Dieser gleichsam systemimmanente Zwang zur Kosteneinsparung zeigt sich auch beim Bau der Dammanlage für die Rückhaltebecken. Die Dammkonstruktionen von Mariana und Brumadinho waren beides sogenannte Upstream-Dämme, das heißt, dass dort der Damm errichtet wird und die Erzschlammreste dahinter gelagert werden. Wenn die Dammkrone erreicht ist, gehen die Ingenieur*innen davon aus, dass das abgelagerte Untermaterial mittlerweile ausreichend ausgehärtet ist, sodass man auf die alte Dammkrone und den Rand des Erzschlammmaterials einfach eine Dammerhöhung draufsetzt. Beim nun gebrochenen Damm von Brumadinho wurde dies zwischen 1976 und 2006 allein zehn Mal durchgeführt, bis zu einer Höhe von 86 Meter. Es gibt solche Dämme bis zu einer Höhe von über 250 Meter. Der nun gebrochene Damm wurde 1976 in erster Stufe von den Ingeneur*innen der damaligen Besitzerin, Thyssen, errichtet. Deren brasilianische Tochterfirma Ferteco Mineração verkaufte ThyssenKrupp dann im Jahre 2001 an Vale S.A. Auch Mariana war ein solcher Damm. Beide sind nun gebrochen. Diese Upstream-Dämme sind die billigste Methode – und die gefährlichste. Chile beispielsweise hat die bei Mariana und Brumadinho verwandte Dammbaumethode verboten. Im Gegensatz dazu sind Downstream-Dämme (also eine Erhöhung der Dämme immer nur in Fließrichtung abwärts) doppelt so teuer, und die vorherige Bearbeitung der Erzschlämme durch Trocknung kostet noch viel mehr − Kosten, die die Bergbaufirmen nicht aufbringen wollen. So steht dann die Sicherheit bei der Überwachung dieser Strukturen nicht im Vordergrund.

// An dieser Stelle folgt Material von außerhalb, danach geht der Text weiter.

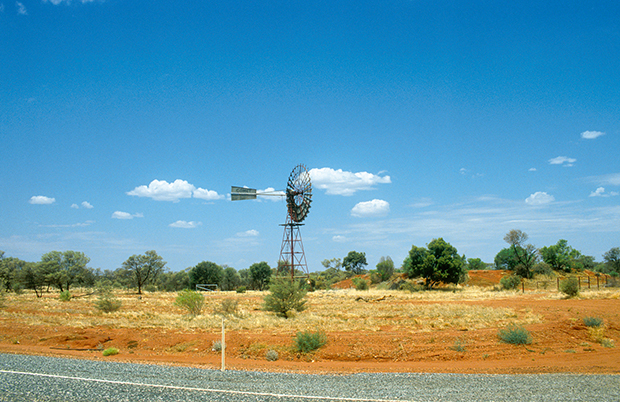 Windmill beside the Stuart Highway, north of Alice Springs in the Northern Territory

Gedenken an die Opfer Mindestens 310 Menschen kamen bei der Katastrophe ums Leben (Foto: Romerito Pontes CC BY 2.0)

 

Medienberichte deckten auf, dass Vale über die Risiken des Einsturzes des Brumadinho-Staudamms seit No­vember 2017 Bescheid wußte und dass Vale S.A. auf die Ingenieur*innen des deutschen Beratungsunternehmen TÜV-Süd Druck ausgeübt hat, um die Stabilitätserklärung des zusammengebrochenen Staudamms – offenkundig wider eigener Fachexpertise und Einschätzung– abzu­geben.Vale selbst versucht seit dem Dammbruch von Mariana sein Image von der größten Umweltkatastrophe in Brasilien zu lösen. Fabio Schvartsman, seit Mai 2017 Präsident der Vale S.A., erklärte in seiner Eröffnungsrede, dass das Motto des Unternehmens „Mariana never again“ lauten würde. Es wurde jedoch offenkundig nichts unter­nommen, um die Sicherheit der Anlagen zu gewährleisten oder die Folgen der Katastrophe im Rio-Doce-Becken effektiv zu beseitigen. Auch nach dem, was am 25. Januar in Brumadinho geschah, sagt Schvartsman weiter: „Vale ist eines der besten Unternehmen, das ich in meinem Leben je gesehen habe. Es ist ein brasilianisches Juwel, das nicht für einen Unfall in seinem Staudamm verurteilt werden kann, egal wie tragisch die Tragödie gewesen sein mag.“ Diese Aussage offenbart die ganze Arroganz des Unternehmens, indem es nicht die gebührende Verantwortung für die Fakten übernimmt und sich selbst als Saubermann darstellt.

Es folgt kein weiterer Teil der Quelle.